The wheel that comes with the cage is too small for a lot of animals. I'm not sure that a dwarf hamster could fit up that tube, seeing as it goes completely vertically, so the cage would be restricted to syrian hamsters, gerbils, etc. The wheel is definitely too small for a syrian. For them, a 12" wheel is recommended. That wheel does not have a 12" diameter, and you would struggle to put a 12" wheel in the cage. You don't want the hamster to have an curving spine, partly because they usually find it so uncomfortable that they don't use it anyway and partly because some people speculate that it can cause damage.
53 litres is about 10 gallons, which is teeny tiny. Not to mention that hamsters need floor space more than they need vertical space. A 40 gallon tank would be much better than a 20 gallon tank with two levels or a 10 gallon tank with 4 levels.
As for the price, from what I gather the qute cage has an overall floor space of about 2000cm^3 for £70. A large zoozone cage has about 5000cm^3 floor space for £30, and is better designed for customization. There are other cages you can buy, though, and you can get some amazing deals if you're willing to go second hand. (recently bought a cage for £30 second hand, when it usually costs about £250 new)

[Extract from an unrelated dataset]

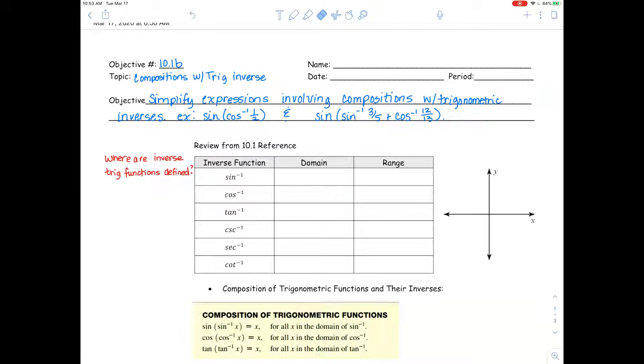Hi, everybody. Today we're going to be starting objective 10.1b. We're going to be performing compositions with trig-inverse expressions.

Also, I'm going to be extra grumpy and point out that this thread is three years old. A lot of the members who posted here aren't active any more. 
Although it's interesting to hear the company has made some minor modifications to the product.


----------



## blade100

Still not big enough for Syrian hamsters who require 80cm x 50cm cage floor space! 
And yes this thread is 3 years old.


----------